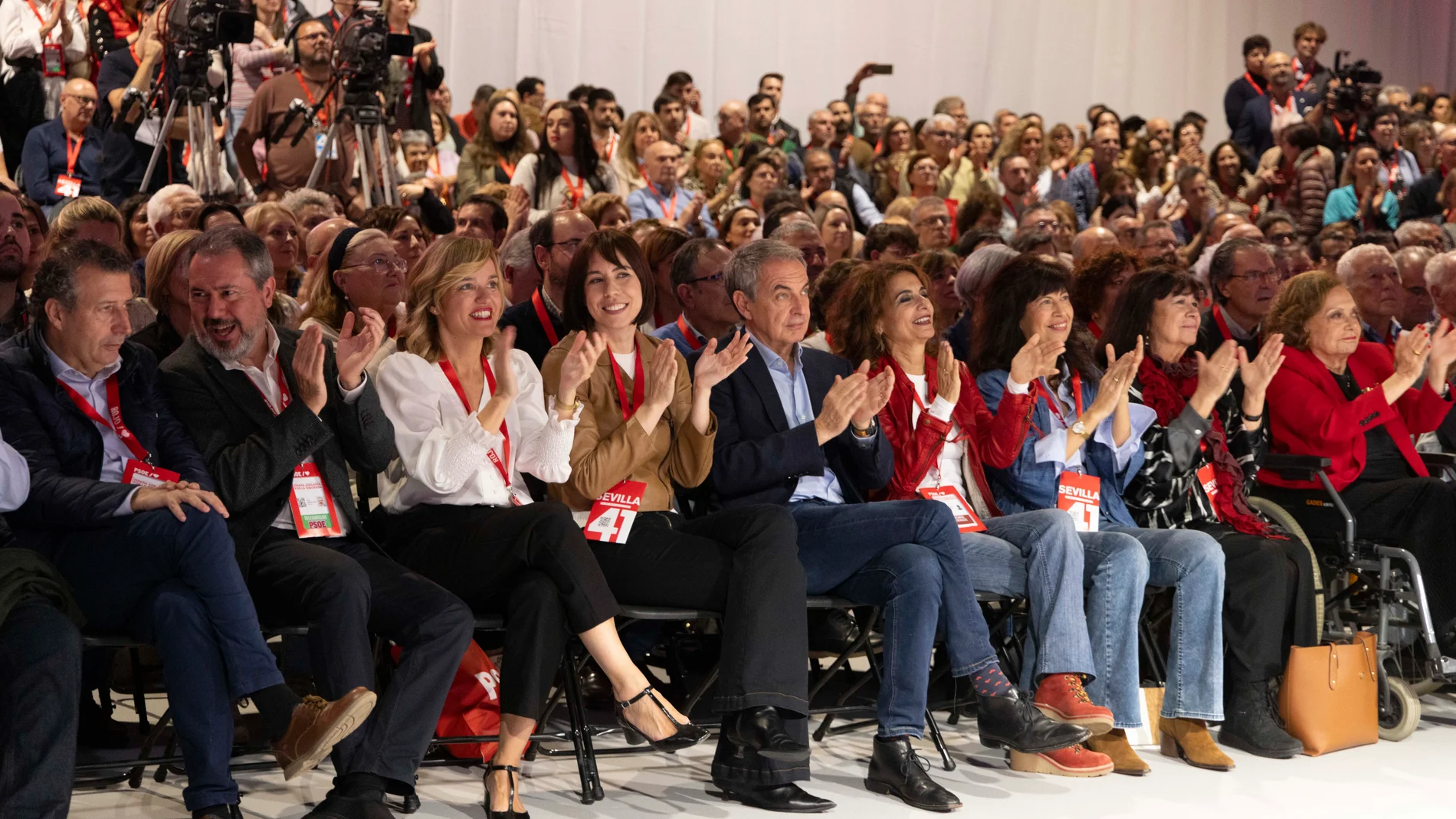 Miembros del PSOE en el Congreso Federal de Sevilla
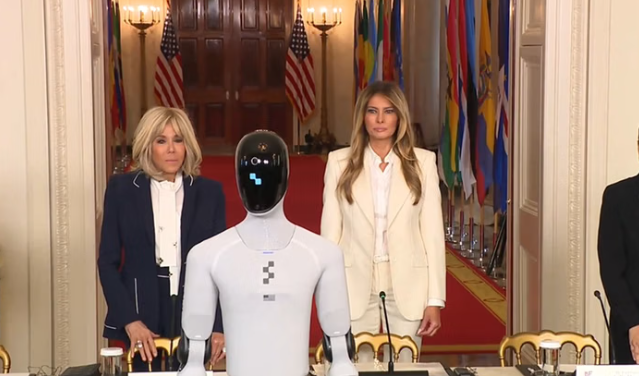 梅拉尼娅携人形机器人“Figure 3”亮相白宫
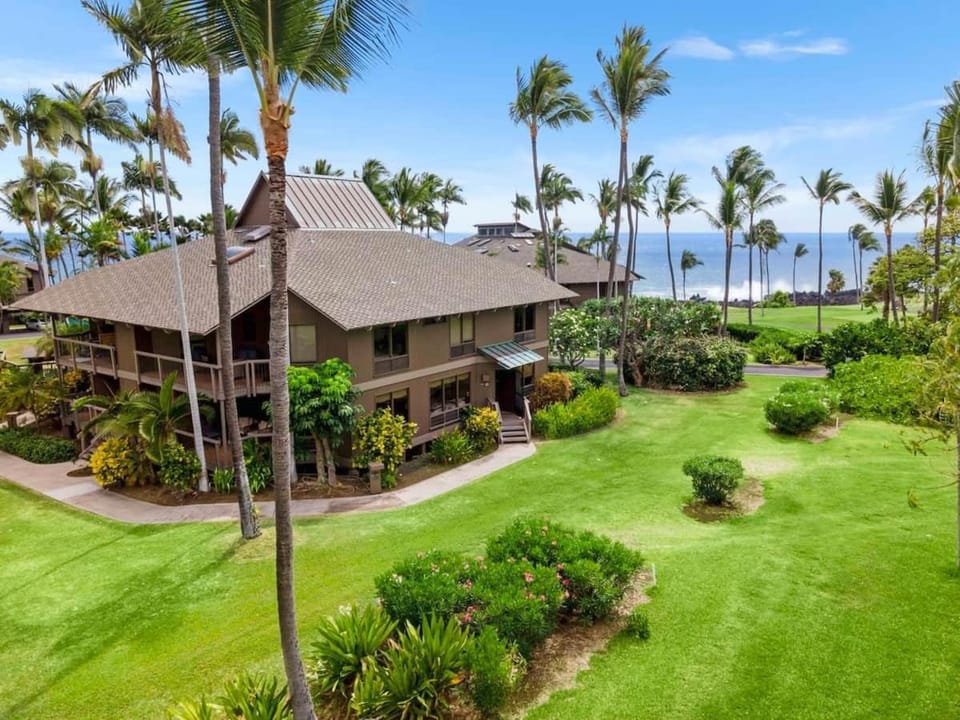 Updated Corner Unit with Ocean and Golf Views Apartment in South Kona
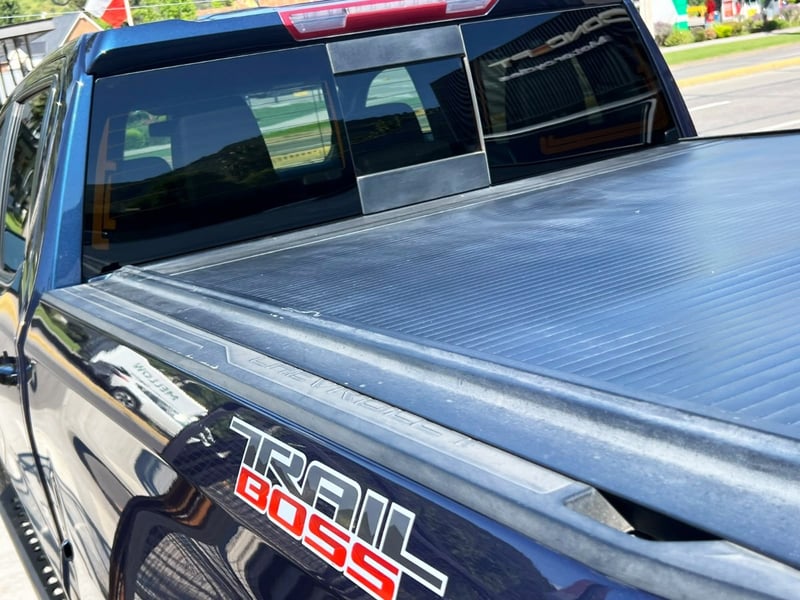 Chevrolet SILVERADO LT TRAIL BOSS 2022 - Imagen 6 de 20
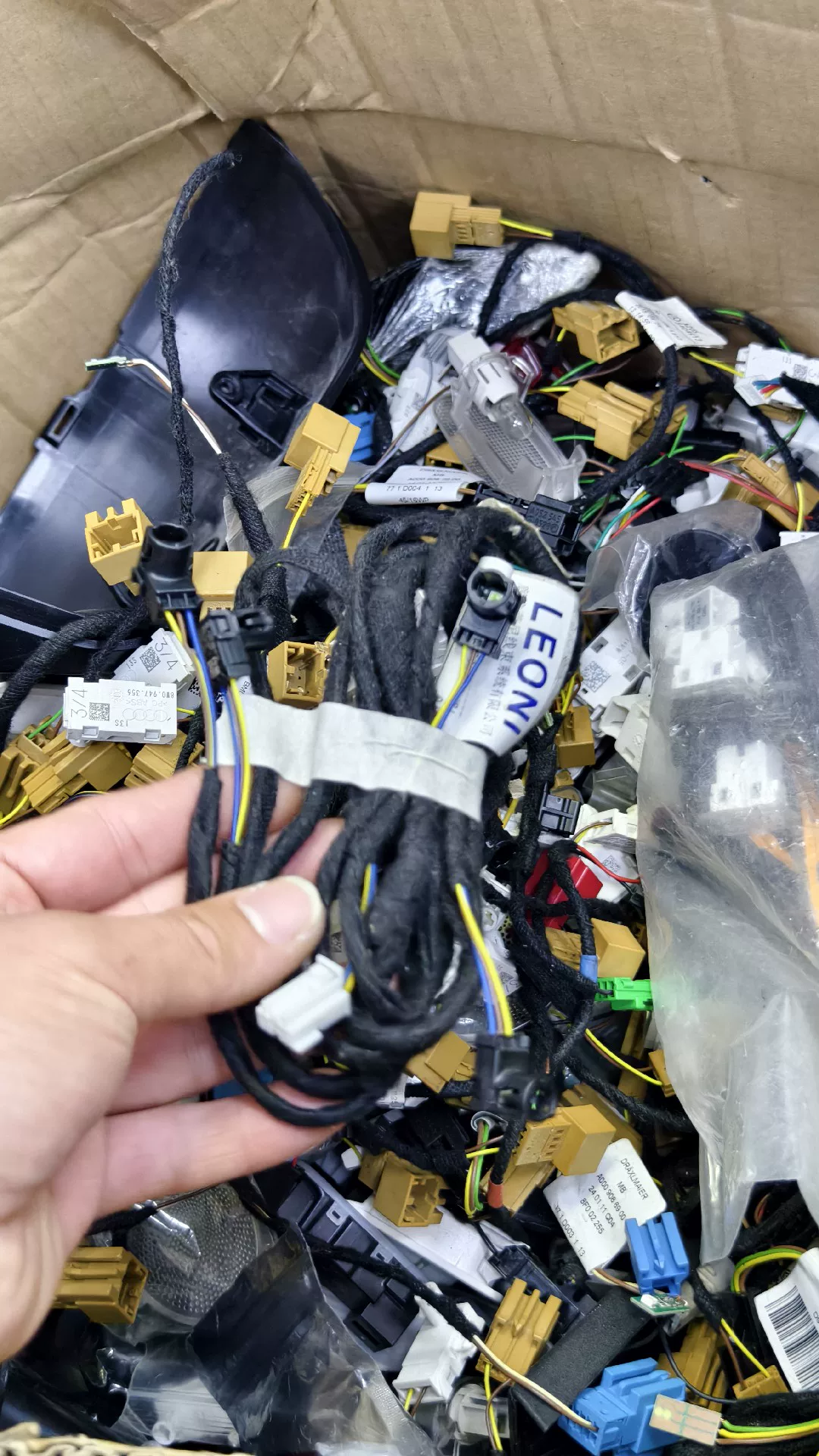 Mercedes-Benz OEM 3-color ambient light leds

════════════════════

WHAT THE TASK REQUIRES | The listing above must be repeated exactly. Its pictures are not part of the copy.

EXERCISE RESPONSE |
 Miembros del PSOE en el Congreso Federal de Sevilla
 梅拉尼娅携人形机器人“Figure 3”亮相白宫
 Updated Corner Unit with Ocean and Golf Views Apartment in South Kona
 Chevrolet SILVERADO LT TRAIL BOSS 2022 - Imagen 6 de 20
 Mercedes-Benz OEM 3-color ambient light leds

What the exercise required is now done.